:: Problem details ::
The expected output is the full set of entries, retyped verbatim, pictures excluded.

Data for review below:

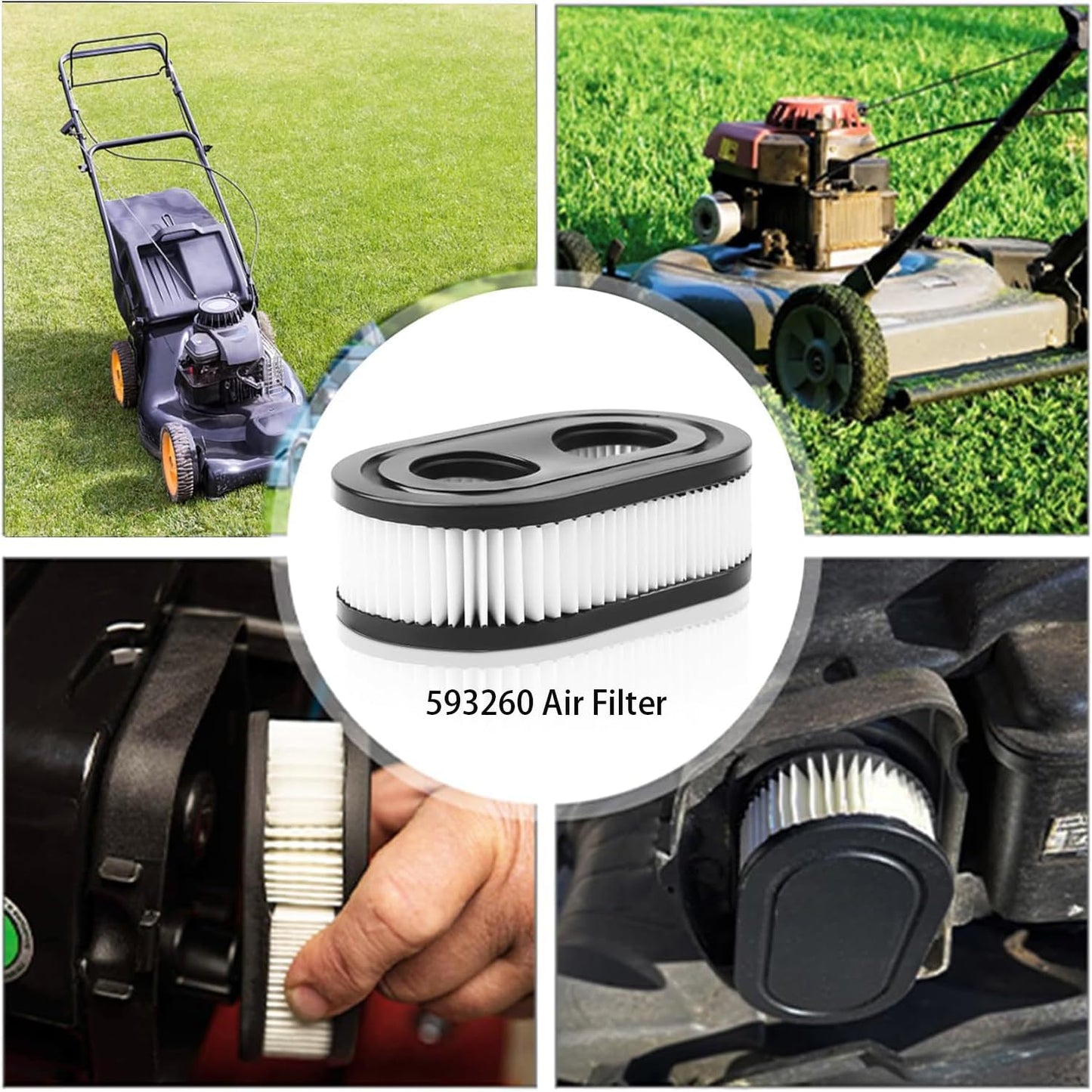 593260 Air Filter - Compatible Lawn Mower Air Cleaner Cartridge for BS Engines | Durable & Efficient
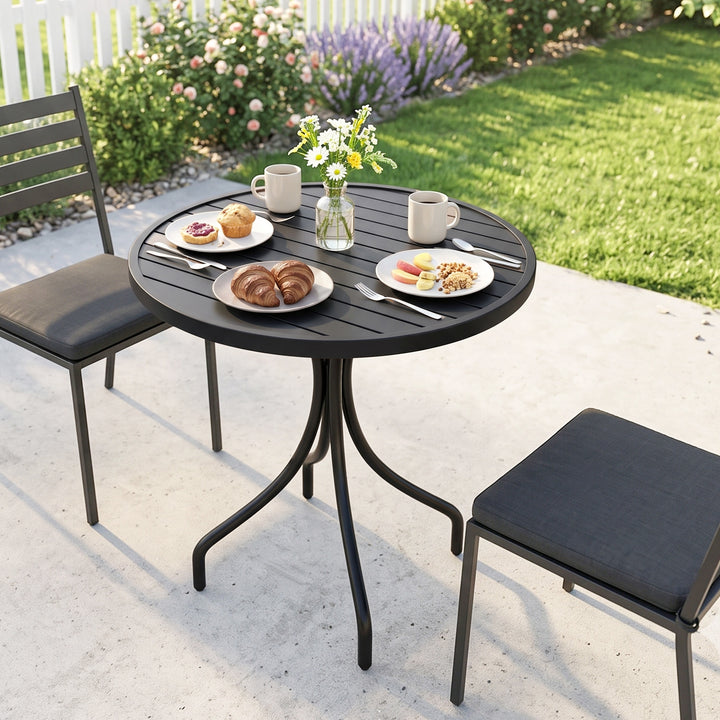 66cm Patio Table, Round Garden Table, Outdoor Side Table with Steel Fr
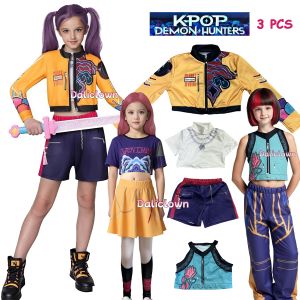 Huntrix KDPop KPDH Mira Zoey Rumi Cosplay Costume Kids Baby Girls Birthday Party Dress Anime Uniform Halloween Costume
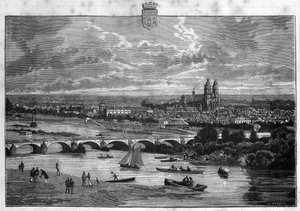 Kilátás Tours városára az Indre et Loire-ban. Metszet 1880-ból a „La republique illustree”” magángyűjteményben. alkotó: French School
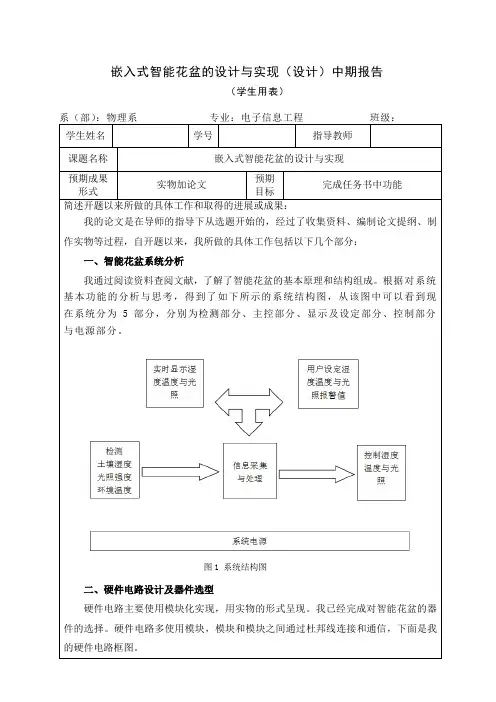 嵌入式智能花盆的设计与实现-中期报告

End of Data for review.

:: Answer area ::
 593260 Air Filter - Compatible Lawn Mower Air Cleaner Cartridge for BS Engines | Durable & Efficient
 66cm Patio Table, Round Garden Table, Outdoor Side Table with Steel Fr
 Huntrix KDPop KPDH Mira Zoey Rumi Cosplay Costume Kids Baby Girls Birthday Party Dress Anime Uniform Halloween Costume
 Kilátás Tours városára az Indre et Loire-ban. Metszet 1880-ból a „La republique illustree”” magángyűjteményben. alkotó: French School
 嵌入式智能花盆的设计与实现-中期报告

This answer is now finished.